Yes, she must watch; she must be wise as many serpents and harmless as a flock of doves; but she must also be prepared, at the first sign of real danger, to give Marco a word of serious warning. This action on her part would have all the more weight with him as she rarely, almost never, interfered in his personal affairs.

And all the time that she was thus reflecting, she smoked Sophy's gold-tipped cigarettes and chatted pleasantly.

Sophy heard with delight that the Marchesa was returning to the Lake the next afternoon by the same train on which she also was going.


She was early at the station. It thrilled her to read the placards with such lovely, well-known names on them. Como!—They passed that sign on their way to the carriages bound for Lago Maggiore. It seemed very odd to see that name of romance written upon a railway carriage.

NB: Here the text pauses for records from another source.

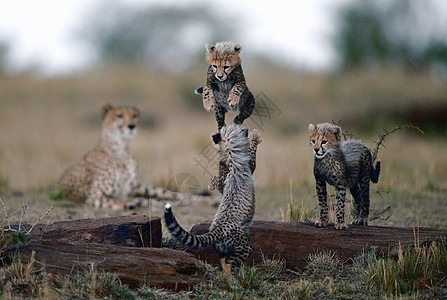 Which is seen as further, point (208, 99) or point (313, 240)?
point (313, 240)

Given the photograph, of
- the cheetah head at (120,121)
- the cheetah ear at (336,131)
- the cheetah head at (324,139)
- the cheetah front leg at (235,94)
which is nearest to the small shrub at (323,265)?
the cheetah head at (324,139)

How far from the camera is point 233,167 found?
4711 millimetres

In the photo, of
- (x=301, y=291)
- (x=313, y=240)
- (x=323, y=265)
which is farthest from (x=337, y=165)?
(x=301, y=291)

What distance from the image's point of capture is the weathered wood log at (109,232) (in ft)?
15.9

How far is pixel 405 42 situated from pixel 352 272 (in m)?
19.4

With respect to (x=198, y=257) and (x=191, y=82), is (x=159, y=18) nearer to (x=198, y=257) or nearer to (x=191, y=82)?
(x=191, y=82)

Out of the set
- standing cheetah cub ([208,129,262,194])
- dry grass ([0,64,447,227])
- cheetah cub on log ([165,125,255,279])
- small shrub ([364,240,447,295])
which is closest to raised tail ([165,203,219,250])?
cheetah cub on log ([165,125,255,279])

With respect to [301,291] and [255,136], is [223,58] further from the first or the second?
[301,291]

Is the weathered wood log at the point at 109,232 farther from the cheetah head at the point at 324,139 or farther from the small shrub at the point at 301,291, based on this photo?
the cheetah head at the point at 324,139

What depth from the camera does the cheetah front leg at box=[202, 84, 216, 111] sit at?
4227 millimetres

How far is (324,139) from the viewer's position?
4.64 m

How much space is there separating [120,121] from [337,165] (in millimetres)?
4994

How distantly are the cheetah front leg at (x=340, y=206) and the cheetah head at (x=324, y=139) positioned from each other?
32 cm

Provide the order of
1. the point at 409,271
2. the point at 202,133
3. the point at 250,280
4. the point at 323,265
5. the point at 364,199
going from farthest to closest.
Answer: the point at 202,133, the point at 364,199, the point at 323,265, the point at 409,271, the point at 250,280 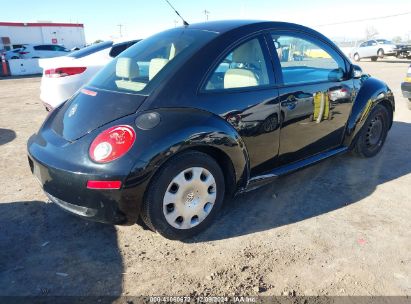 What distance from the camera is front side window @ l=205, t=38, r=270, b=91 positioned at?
293 centimetres

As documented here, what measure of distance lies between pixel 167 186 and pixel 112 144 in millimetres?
486

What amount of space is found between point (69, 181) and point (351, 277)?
6.65 feet

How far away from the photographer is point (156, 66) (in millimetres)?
2967

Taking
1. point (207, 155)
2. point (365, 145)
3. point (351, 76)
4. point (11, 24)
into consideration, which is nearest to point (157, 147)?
point (207, 155)

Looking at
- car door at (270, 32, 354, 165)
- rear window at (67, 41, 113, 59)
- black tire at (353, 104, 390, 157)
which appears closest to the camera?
car door at (270, 32, 354, 165)

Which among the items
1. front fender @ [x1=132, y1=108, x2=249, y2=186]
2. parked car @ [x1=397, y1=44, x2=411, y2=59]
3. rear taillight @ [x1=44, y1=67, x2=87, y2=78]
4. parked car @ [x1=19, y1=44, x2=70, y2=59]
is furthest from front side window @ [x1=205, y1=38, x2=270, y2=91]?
parked car @ [x1=19, y1=44, x2=70, y2=59]

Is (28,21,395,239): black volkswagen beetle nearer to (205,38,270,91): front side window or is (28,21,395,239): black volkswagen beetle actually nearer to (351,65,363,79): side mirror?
(205,38,270,91): front side window

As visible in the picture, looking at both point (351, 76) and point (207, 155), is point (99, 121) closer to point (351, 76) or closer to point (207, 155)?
point (207, 155)

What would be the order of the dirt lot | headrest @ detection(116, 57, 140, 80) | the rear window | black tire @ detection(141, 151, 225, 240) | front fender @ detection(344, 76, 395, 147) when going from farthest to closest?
the rear window, front fender @ detection(344, 76, 395, 147), headrest @ detection(116, 57, 140, 80), black tire @ detection(141, 151, 225, 240), the dirt lot

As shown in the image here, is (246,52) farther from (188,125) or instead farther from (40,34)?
(40,34)

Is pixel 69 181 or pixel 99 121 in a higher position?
pixel 99 121

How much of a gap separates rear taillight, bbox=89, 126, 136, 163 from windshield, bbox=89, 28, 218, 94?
415 mm

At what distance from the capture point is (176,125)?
8.52 feet

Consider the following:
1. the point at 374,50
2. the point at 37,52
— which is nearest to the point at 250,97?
the point at 374,50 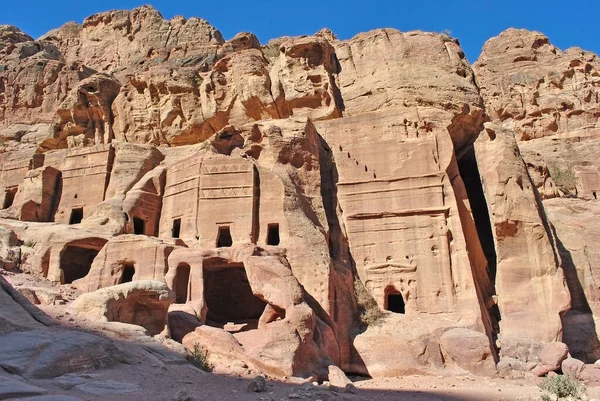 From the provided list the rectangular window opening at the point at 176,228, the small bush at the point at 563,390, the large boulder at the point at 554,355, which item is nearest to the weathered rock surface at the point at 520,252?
the large boulder at the point at 554,355

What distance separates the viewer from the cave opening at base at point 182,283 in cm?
2127

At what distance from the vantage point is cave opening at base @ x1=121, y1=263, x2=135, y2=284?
22.6 metres

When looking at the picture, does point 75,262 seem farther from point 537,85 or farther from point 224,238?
point 537,85

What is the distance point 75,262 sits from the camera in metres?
25.1

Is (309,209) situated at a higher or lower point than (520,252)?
higher

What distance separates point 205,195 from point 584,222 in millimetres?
19729

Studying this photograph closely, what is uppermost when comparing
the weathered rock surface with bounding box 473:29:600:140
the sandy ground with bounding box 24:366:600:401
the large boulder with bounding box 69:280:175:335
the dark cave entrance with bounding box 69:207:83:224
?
the weathered rock surface with bounding box 473:29:600:140

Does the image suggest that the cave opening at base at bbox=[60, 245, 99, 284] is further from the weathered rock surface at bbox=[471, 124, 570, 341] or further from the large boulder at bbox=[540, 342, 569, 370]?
the large boulder at bbox=[540, 342, 569, 370]

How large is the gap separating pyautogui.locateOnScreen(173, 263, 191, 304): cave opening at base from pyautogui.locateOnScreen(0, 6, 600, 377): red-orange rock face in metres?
0.09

Amaldi and his mother joined her shortly. As they settled down comfortably in the queer little carriage, Amaldi bought copies of the leading Milan papers and handed them in through the window. To Sophy's surprise, when he entered the carriage a few minutes later, he laid a fresh copy of Harper's on the seat beside her, smiling at her astonished look.

"We're very 'up to date,' as you say, in Milan," he laughed.

But Sophy could not read. She was too excited. She sat in a lazy, happy trance gazing from the window.

The Marchesa dozed frankly. Bobby was sound as a top. Sophy had never felt more keenly, vividly awake in her life. She began to day-dream. And as she sat there, now glancing out of window, now watching the pleasant smile which sleep had drawn on the Marchesa's face, now the soles of Bobby's sturdy shoes protruding from under the arm of the seat as he lay with his red curls on Miller's lap, now noticing how sharp-cut was Amaldi's dark, irregular profile against the flashing green outside, she found herself suddenly thinking:

"Suppose this dear, charming woman were my mother-in-law instead of Lady Wychcote—suppose he were my husband—suppose I were Sophy Amaldi instead of Sophy Chesney—going for a happy summer to the Villa Amaldi—sure of kindness, sure of sympathy, sure of love——"

This fancy did not form itself into regular phrases such as these, but came in a flashing, involuntary impression. She started with dismay and glanced around nervously. Amaldi was looking at her. She bent forward, lifting up one of the papers that had fallen to the floor. Her hand touched the Marchesa's foot. That lady started wide awake.

"Oh, Dio!" she exclaimed, glancing out. "We're nearly there! Marco, my umbrella, please—and Mrs. Chesney's. You'd better tell the maids to get ready."

She looked tenderly at Bobby. "What a shame to wake the tousin!" she said.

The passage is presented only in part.